What you will do. The lines from the one containing "this 1200×900 image." through the final line of the listing below are what the answer must repeat, exactly and only, leaving pictures out.

Information.
^^^^^^^^^^^^^^^^
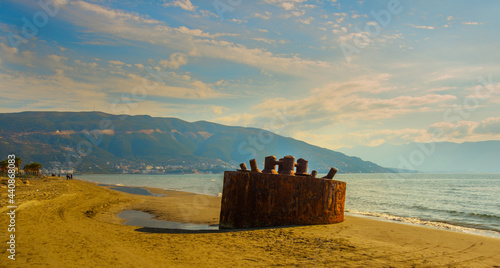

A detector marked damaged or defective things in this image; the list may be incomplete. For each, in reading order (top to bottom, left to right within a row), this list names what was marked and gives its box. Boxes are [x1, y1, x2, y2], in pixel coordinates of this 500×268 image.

corroded metal [221, 156, 346, 229]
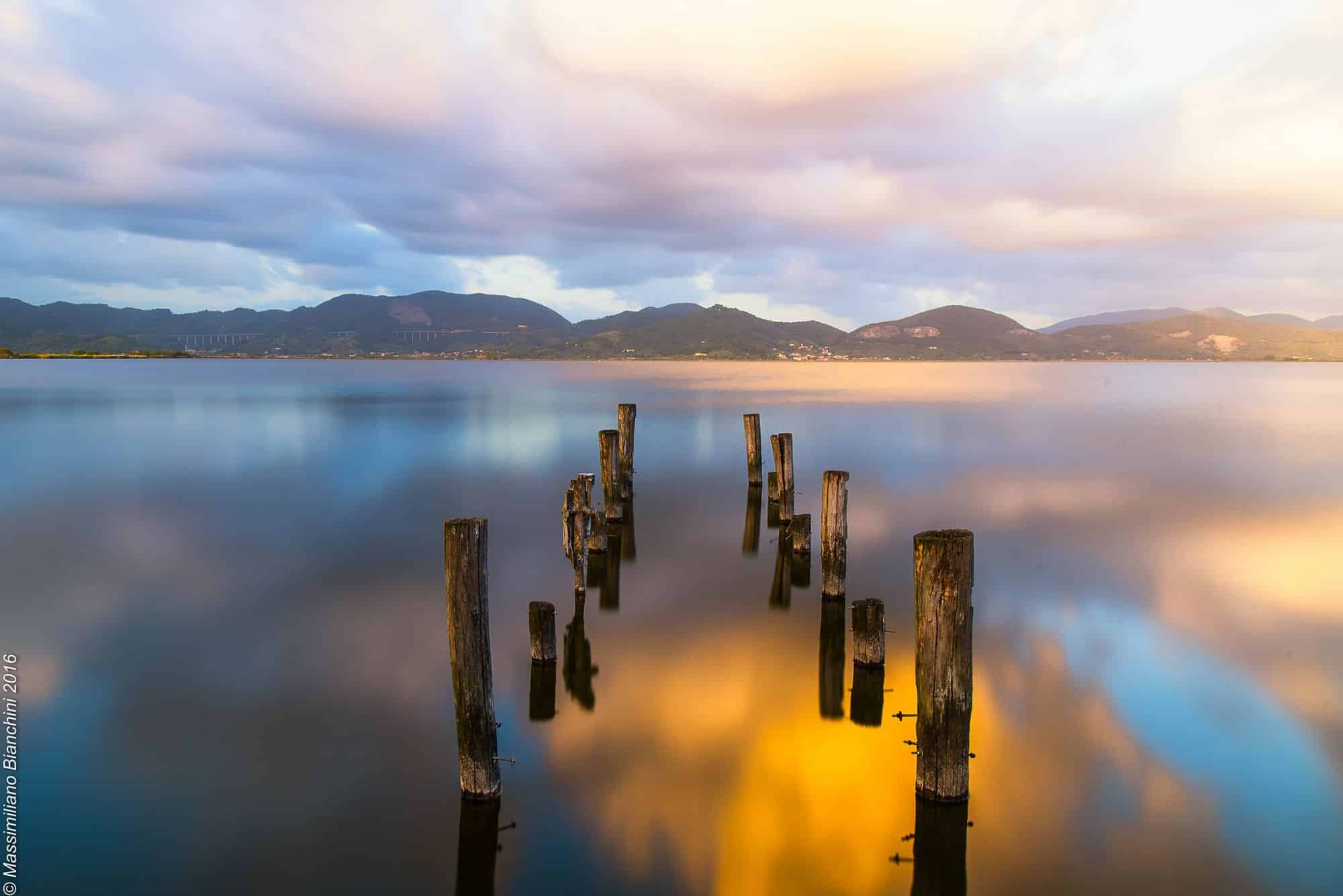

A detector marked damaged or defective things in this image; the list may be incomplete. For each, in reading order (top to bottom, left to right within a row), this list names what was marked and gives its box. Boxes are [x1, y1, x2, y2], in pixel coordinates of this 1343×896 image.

broken wooden post [602, 429, 620, 520]
broken wooden post [618, 405, 639, 501]
broken wooden post [741, 413, 763, 483]
broken wooden post [741, 483, 763, 552]
broken wooden post [774, 429, 790, 520]
broken wooden post [784, 509, 806, 552]
broken wooden post [817, 472, 849, 598]
broken wooden post [443, 515, 502, 799]
broken wooden post [529, 598, 556, 662]
broken wooden post [529, 662, 556, 724]
broken wooden post [817, 595, 838, 719]
broken wooden post [854, 598, 886, 668]
broken wooden post [854, 665, 886, 730]
broken wooden post [913, 528, 978, 799]
broken wooden post [913, 799, 967, 896]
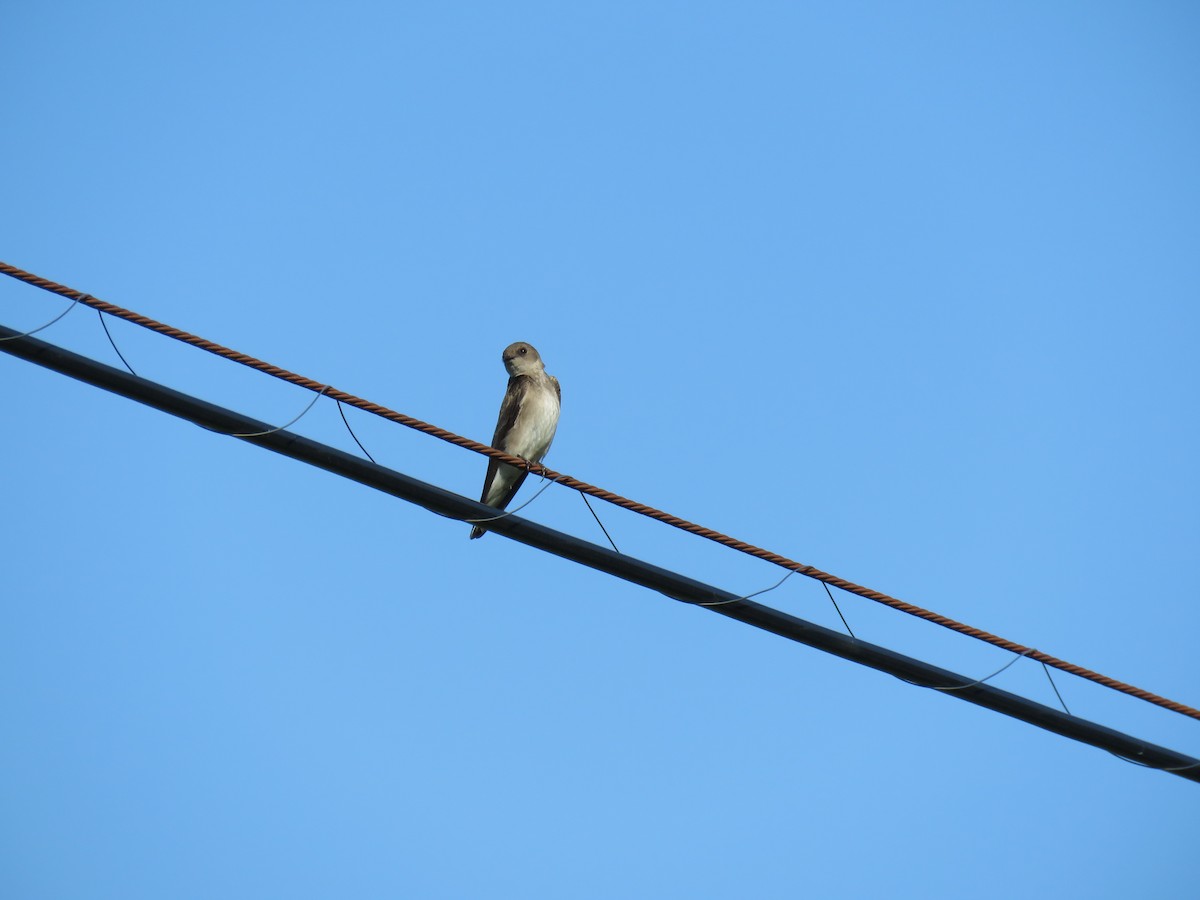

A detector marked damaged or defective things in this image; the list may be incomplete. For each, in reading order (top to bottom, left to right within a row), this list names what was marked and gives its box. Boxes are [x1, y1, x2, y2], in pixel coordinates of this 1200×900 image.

rusty wire [4, 256, 1192, 720]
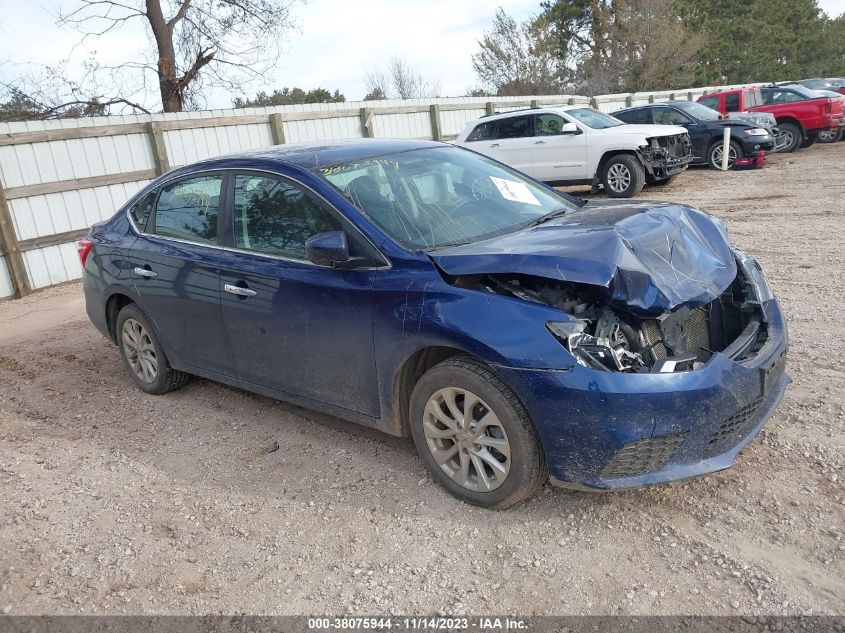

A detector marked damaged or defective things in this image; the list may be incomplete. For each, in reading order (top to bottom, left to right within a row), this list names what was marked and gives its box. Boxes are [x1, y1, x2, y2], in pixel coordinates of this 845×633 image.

damaged blue sedan [79, 139, 784, 508]
broken headlight [544, 320, 644, 370]
crumpled front bumper [492, 298, 788, 492]
broken headlight [732, 248, 772, 302]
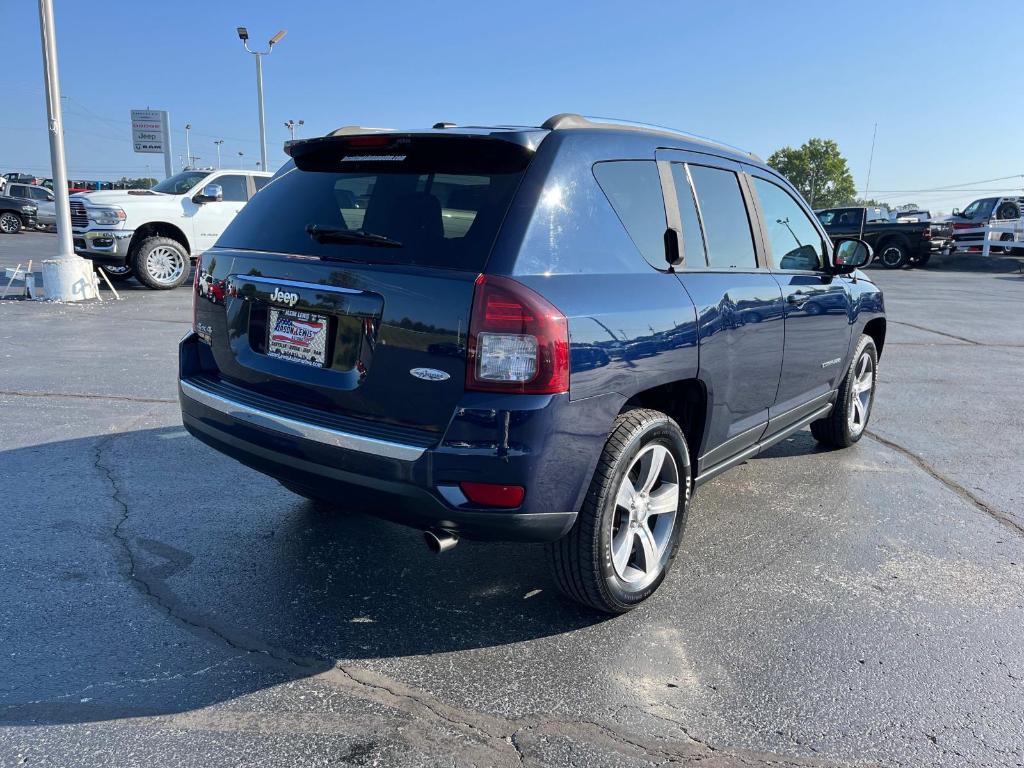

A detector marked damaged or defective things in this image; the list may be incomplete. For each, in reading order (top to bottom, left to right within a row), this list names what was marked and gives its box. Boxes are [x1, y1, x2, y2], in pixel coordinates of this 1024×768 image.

pavement crack [2, 388, 176, 404]
pavement crack [864, 428, 1024, 536]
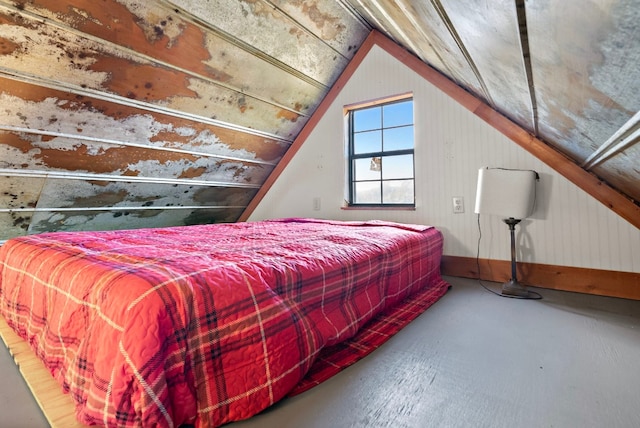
^^^^^^^^^^^^^^^^
Task response.
A detector marked damaged or defective things in this image; the list may be incomplete. For each, in reading order (top to bottom, left to right within a row), this list names what was marked and gives its box. Boxes are [x1, y1, x2, y2], in pixel coordinates of this 1200×900 image.

rusty wire [4, 256, 1192, 720]

A detector marked damaged or defective things in this image; the list may be incomplete. For each, in reading order (top to bottom, left to right within a row), this list names what was marked and gives its box. Boxes are [x1, y1, x2, y2], in pixel coordinates of this 845×633 image.

damaged blue sedan [79, 139, 784, 508]
broken headlight [544, 320, 644, 370]
crumpled front bumper [492, 298, 788, 492]
broken headlight [732, 248, 772, 302]

A detector marked damaged or defective things in this image; the list may be incomplete. For each, in reading order (top to bottom, left to right within a row), this list names what was marked and gives its box. Boxes are [x1, y1, x2, y2], in pixel coordinates of this 1024×768 image.

pavement crack [2, 388, 176, 404]
pavement crack [864, 428, 1024, 536]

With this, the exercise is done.